Preprocess / Postprocess

In this tutorial, you can learn how to preprocess datasets and postprocess continuous action outputs. Please check Preprocessing for more information.

Preprocess Observations

If your dataset includes unnormalized observations, you can normalize or standardize the observations by specifying scaler argument with a string alias. In this case, the statistics of the dataset will be computed at the beginning of offline training.

import d3rlpy

dataset, _ = d3rlpy.datasets.get_dataset("pendulum-random")

# specify by string alias
sac = d3rlpy.algos.SAC(scaler="standard")

Alternatively, you can manually instantiate preprocessing parameters.

# setup manually
mean = np.mean(dataset.observations, axis=0, keepdims=True)
std = np.std(dataset.observations, axis=0, keepdims=True)
scaler = d3rlpy.preprocessing.StandardScaler(mean=mean, std=std)

# specify by object
sac = d3rlpy.algos.SAC(scaler=scaler)

Please check Preprocessing for the full list of available observation preprocessors.

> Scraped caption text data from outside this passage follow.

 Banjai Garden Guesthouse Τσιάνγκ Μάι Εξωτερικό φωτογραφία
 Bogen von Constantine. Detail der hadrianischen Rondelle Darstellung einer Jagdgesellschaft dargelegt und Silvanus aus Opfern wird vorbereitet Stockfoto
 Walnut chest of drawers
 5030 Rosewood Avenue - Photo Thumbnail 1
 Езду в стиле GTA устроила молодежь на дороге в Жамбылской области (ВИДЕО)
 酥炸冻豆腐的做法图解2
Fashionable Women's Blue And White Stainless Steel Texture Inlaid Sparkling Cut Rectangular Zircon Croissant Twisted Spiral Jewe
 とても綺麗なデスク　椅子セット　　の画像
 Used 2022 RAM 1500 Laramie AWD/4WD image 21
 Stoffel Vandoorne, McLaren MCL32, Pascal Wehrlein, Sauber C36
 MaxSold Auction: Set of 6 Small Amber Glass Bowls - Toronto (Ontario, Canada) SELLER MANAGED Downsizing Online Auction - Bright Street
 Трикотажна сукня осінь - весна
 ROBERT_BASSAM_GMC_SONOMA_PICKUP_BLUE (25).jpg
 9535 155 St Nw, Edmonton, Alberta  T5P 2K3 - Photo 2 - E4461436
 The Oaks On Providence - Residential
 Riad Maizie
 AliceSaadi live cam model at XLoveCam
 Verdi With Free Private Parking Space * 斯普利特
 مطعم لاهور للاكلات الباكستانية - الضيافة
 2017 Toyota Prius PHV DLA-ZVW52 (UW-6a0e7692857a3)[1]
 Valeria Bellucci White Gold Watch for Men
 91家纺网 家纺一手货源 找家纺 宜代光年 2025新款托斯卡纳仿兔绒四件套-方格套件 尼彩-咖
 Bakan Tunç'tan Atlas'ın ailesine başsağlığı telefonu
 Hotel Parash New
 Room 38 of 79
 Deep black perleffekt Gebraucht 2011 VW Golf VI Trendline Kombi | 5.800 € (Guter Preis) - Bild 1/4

Preprocess / Postprocess Actions

In training with continuous action-space, the actions must be in the range between [-1.0, 1.0] due to the underlying tanh activation at the policy functions. In d3rlpy, you can easily normalize inputs and denormalize outpus instead of normalizing datasets by yourself.

# specify by string alias
sac = d3rlpy.algos.SAC(action_scaler="min_max")

# setup manually
minimum_action = np.min(dataset.actions, axis=0, keepdims=True)
maximum_action = np.max(dataset.actions, axis=0, keepdims=True)
action_scaler = d3rlpy.preprocessing.MinMaxActionScaler(
    minimum=minimum_action,
    maximum=maximum_action,
)

# specify by object
sac = d3rlpy.algos.SAC(action_scaler=action_scaler)

Please check Preprocessing for the full list of available action preprocessors.

Preprocess Rewards

The effect of scaling rewards is not well studied yet in RL community, however, it’s confirmed that the reward scale affects training performance.

# specify by string alias
sac = d3rlpy.algos.SAC(reward_scaler="standard")

# setup manuall
mean = np.mean(dataset.rewards, axis=0, keepdims=True)
std = np.std(dataset.rewards, axis=0, keepdims=True)
reward_scaler = StandardRewardScaler(mean=mean, std=std)

# specify by object
sac = d3rlpy.algos.SAC(reward_scaler=reward_scaler)

Please check Preprocessing for the full list of available reward preprocessors.